What the task asks:
Go over the entries below line by line, copying each one that contains the word "Photo".

Caption-style text data
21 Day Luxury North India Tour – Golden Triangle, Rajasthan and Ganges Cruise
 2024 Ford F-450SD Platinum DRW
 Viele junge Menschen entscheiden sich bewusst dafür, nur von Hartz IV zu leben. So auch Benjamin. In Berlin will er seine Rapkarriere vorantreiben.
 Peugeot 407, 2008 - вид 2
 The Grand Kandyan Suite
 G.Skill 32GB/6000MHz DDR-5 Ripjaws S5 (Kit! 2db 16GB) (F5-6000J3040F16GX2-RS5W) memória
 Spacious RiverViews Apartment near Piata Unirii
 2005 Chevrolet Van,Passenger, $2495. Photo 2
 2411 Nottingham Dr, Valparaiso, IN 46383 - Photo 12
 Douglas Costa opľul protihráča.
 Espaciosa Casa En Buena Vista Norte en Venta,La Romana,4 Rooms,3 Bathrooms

Your solution:
 2005 Chevrolet Van,Passenger, $2495. Photo 2
 2411 Nottingham Dr, Valparaiso, IN 46383 - Photo 12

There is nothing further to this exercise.